• _INSTRUCTIONS TO FOLLOW_:
The copy should begin at the line containing "Phoenix Contact Borne" and end at the last line of the material. Please reproduce those lines exactly and keep pictures out.
──────── SOURCE MATERIAL ────────
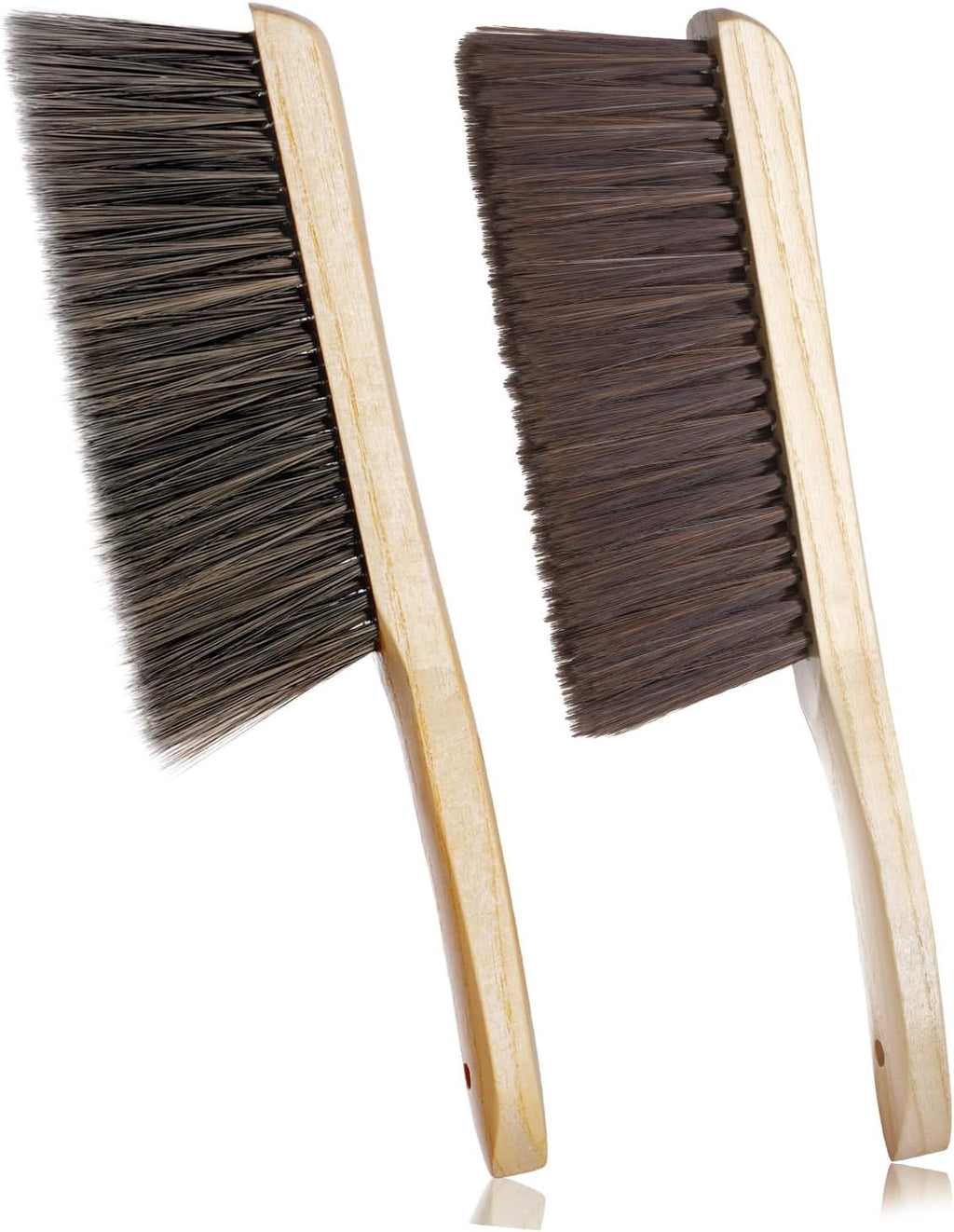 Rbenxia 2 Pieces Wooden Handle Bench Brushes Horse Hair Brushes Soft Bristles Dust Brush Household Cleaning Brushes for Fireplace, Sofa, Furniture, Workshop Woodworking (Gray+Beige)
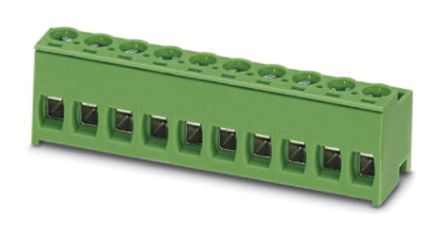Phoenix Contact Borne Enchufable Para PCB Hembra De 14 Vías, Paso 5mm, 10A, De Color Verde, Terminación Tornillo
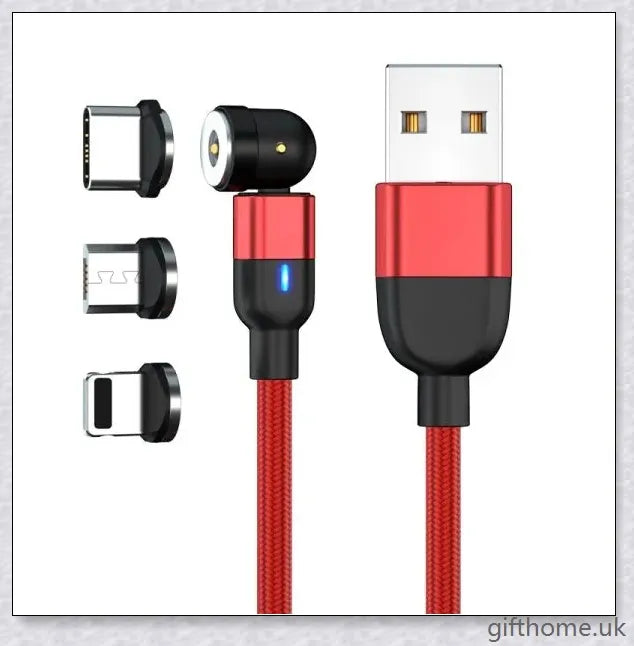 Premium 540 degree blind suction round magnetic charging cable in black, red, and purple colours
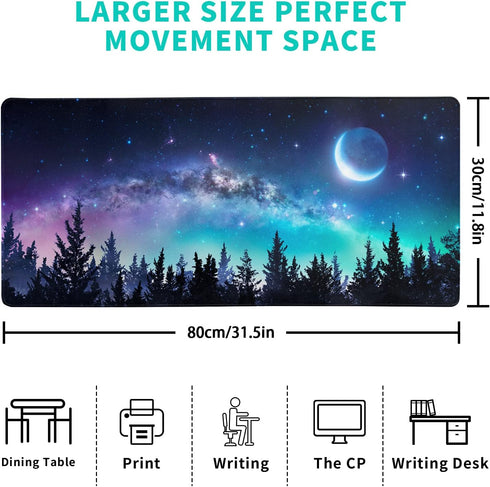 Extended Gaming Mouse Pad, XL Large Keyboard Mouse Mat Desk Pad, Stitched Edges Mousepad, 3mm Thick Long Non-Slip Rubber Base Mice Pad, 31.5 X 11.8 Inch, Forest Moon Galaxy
────────
• _EXERCISE RESPONSE_:
Phoenix Contact Borne Enchufable Para PCB Hembra De 14 Vías, Paso 5mm, 10A, De Color Verde, Terminación Tornillo
 Premium 540 degree blind suction round magnetic charging cable in black, red, and purple colours
 Extended Gaming Mouse Pad, XL Large Keyboard Mouse Mat Desk Pad, Stitched Edges Mousepad, 3mm Thick Long Non-Slip Rubber Base Mice Pad, 31.5 X 11.8 Inch, Forest Moon Galaxy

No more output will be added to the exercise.